The assignment: For this essay, you’ll need to choose a Romantic event or topic relevant to our class discussions (for instance, a political event, a scientific breakthrough, or the publication of a major work) and find at least three contemporary news sources (available digitally or in hard copy in the rare book library) that describe or discuss it. These articles should be published no more than three years before/after the relevant event. In a 4–5 page paper, compare and contrast the different articles, considering how they characterize the event and what purpose and effects these differences may have. Depending on your sources, you may also wish to consider issues such as accompanying illustrations, length (or lack thereof), juxtaposition with nearby articles, and/or timing of publication. Pay attention to the magazine or newspaper as a historical object, not just a collection of words.

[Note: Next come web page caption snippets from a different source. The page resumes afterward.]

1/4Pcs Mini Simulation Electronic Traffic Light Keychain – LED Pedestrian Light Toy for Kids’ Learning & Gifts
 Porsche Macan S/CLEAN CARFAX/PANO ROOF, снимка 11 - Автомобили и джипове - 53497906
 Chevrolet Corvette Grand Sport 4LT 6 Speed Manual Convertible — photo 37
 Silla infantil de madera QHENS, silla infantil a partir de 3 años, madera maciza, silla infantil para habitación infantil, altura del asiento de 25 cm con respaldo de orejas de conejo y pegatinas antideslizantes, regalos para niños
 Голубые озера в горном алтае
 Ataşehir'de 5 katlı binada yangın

Finding these articles is an important part of the assignment, as is figuring out how to cite them correctly. You may begin with a search of Google Books if that is a comfortable interface for you, but in most cases you will be more successful with specialized databases, especially British Periodicals and Eighteenth-Century Collections Online. If you don’t find any sources, you may be having a keyword/search issue, or you may be learning that your topic simply was not widely discussed (or not discussed in the words you’re using to search for it) in the Romantic period.
Your research process should unfold as follows:
TODAY: we will have an introduction to online databases, OCR and keyword searching, and do some sample searches together.
BY MONDAY: You should have at least two potential ideas for topics, and have conducted preliminary searches for both. If you find appropriate articles, please bring them in; if you don’t, bring a list of the different keyword combinations and databases you have tried. In class we will share topics, brainstorm effective searching techniques, and troubleshoot issues for those who are not finding enough sources.
NEXT FRIDAY: We will visit a nearby rare book library to learn more about Romantic periodicals, examine copies of widely-read magazines from the period, and get hands-on experience in finding additional sources for your essays.
As you acquire each new source, you should save it as a PDF or image (if photographed in the archive) read it closely, take notes on the aspects that seem most significant to you, and begin organizing your draft. Your essay should have a clear thesis statement in the first paragraph, which synthesizes your sources and explains your specific interpretive angle on them. You should use direct textual evidence from all of your articles; make sure you aren’t simply summarizing (though some summary will certainly be appropriate) but also analyzing how the different articles approach the topic and how these differences are significant. Make sure to avoid broad generalizations and vague statements of opinion; be specific and accurate when characterizing the views expressed in your articles.